Ambivalence encore que cette référence si fréquente à la science au moment où elle est contestée, marginalisée. Les sciences, surtout « dures », plus que les sciences sociales, sont objet de désaffection (étudiants, et surtout étudiantes), de méconnaissance effective (échec des vulgarisations, cf. les OGM, l’effet de serre,..), d’attaque philosophique ou politique (« être expert » est alternativement un recours, un alibi ou une insulte).

Ambivalence toujours avec le statut de la technologie, hyper-présente dans le quotidien, qui transcende l’action individuelle et même collective. Les bricoleurs-innovateurs des ordinateurs sont désormais contraints à utiliser le « clé-en-mains » à la Windows ou autres.

Face à cette technique envahissante et parfois frustrante se développe une forme de résistance qui a cassé l’outil de prédiction. Dans les années 50 ou 60, l’an 2000 était imaginé, un futur configuré. Qui aujourd’hui se soucie de l’an 2050, en préjuge les contours ? Est-ce par crainte de succomber à la « démesure technologique » ?

L’image répulsive d’un avenir inconnu, non maîtrisé, non maîtrisable incite à une posture défensive de la science et vis-à-vis d’elle : « Eviter la catastrophe au lieu de fabriquer l’avenir ».

Science, société et démocratie…

Il est patent que le débat démocratique et l’expertise scientifique ne font pas bon ménage. Est-ce une chance ou un risque ?

Une opportunité sans doute : imagine-t-on un débat parlementaire pour ou contre la théorie d’Einstein ? Plus généralement, quand le citoyen ou l’idéologue vient s’immiscer dans le débat d’initiés, les contraintes, l’instrumentalisation de la science « vraie ou fausse » ne sont pas éloignés.

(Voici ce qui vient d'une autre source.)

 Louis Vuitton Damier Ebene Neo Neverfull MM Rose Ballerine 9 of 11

Un risque assurément : Cette étanchéité entre débat et science contribue à la désaffection des étudiants et du public, à l’incompréhension de la science, de ses enjeux, de ses impacts. Le danger est réel d’une forme de communautarisme intra-scientifique, version pervertie d’un souhaitable partage inter-sciences et inter-scientifiques, donc d’un réel et fructueux dialogue inter-disciplinaire, laissant toute leur place aux sciences « humaines ».

Le rêve d’un débat construit et utile se heurte à un paradoxe (seulement apparent ?) : comment débattre d’un sujet inconnu, la science, et comment le connaître sans en débattre ?

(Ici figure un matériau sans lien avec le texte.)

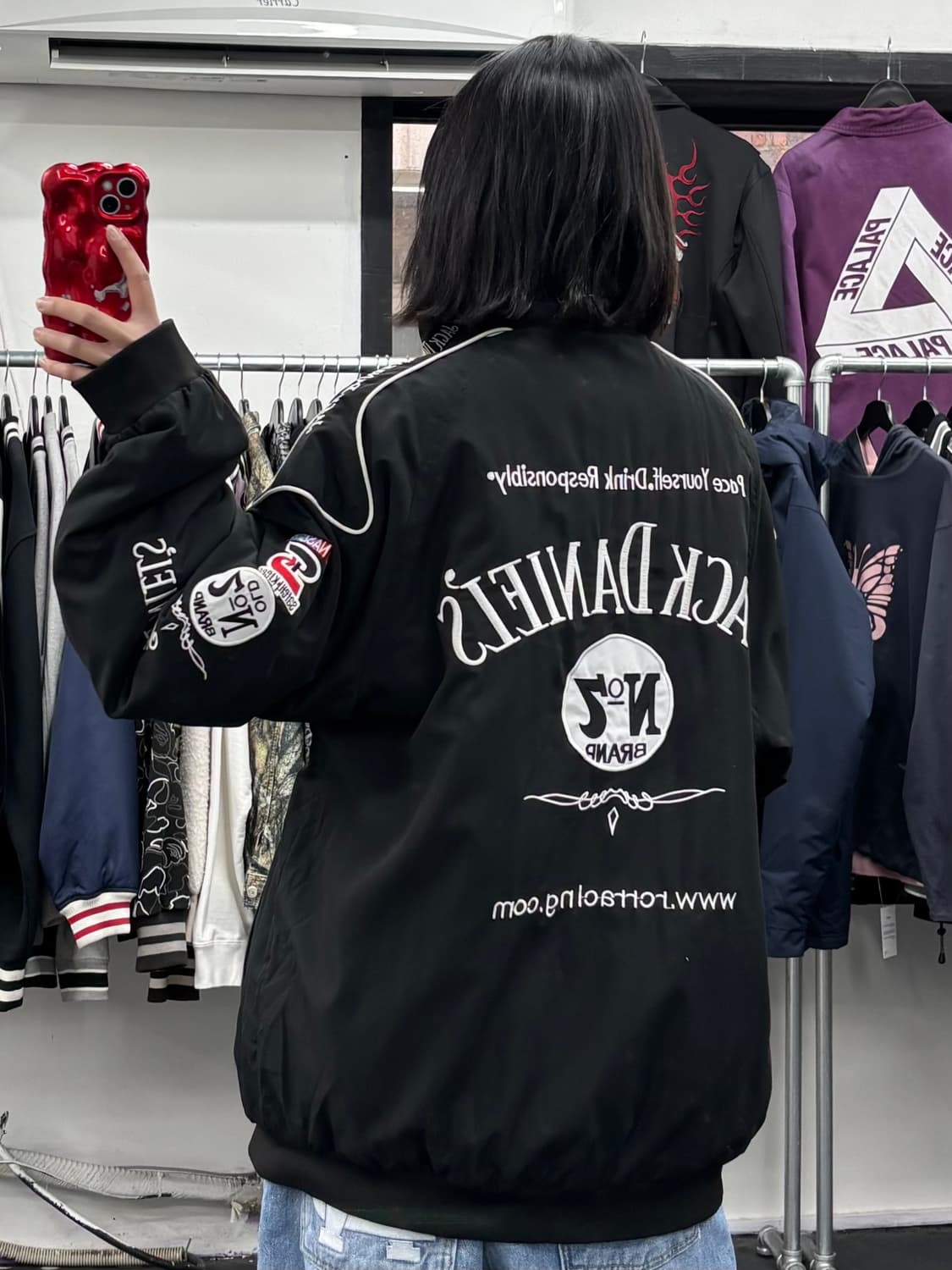 VTG 잭다니엘 레이싱 자켓 상품이미지5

Et si ce débat s’instaure, parlera-t-on de la connaissance en elle-même, de la décision à en tirer ? Et qui parlera ou sera le plus écouté ? Le citoyen, l’électeur, le politique, le scientifique, l’économiste ? Et dans quelle échelle des temps ? La science existe en effet comme une tension, une procédure, un mouvement, et non comme un état.

La tendance favorable aux Baudelaire sur les Condorcet s’inverserait-elle ?

S’accompagnerait-elle de l’utile éclairage - ni diktat, ni silence - des experts scientifiques auprès des décideurs politiques ? En effet, si le socle de la démocratie est la primauté de la conscience sur la compétence, il est d’autant plus nécessaire de développer le besoin, l’intérêt et la possibilité de s’informer, à tout le moins d’éviter de désinformer.

Ce débat idéal éclairera (éclairerait ?) les activités scientifiques, le sort et la condition des scientifiques. Ce débat rétablira (rétablirait ?) la jubilation de la recherche, la joie de la confrontation des idées, l’enrichissement de la contradiction.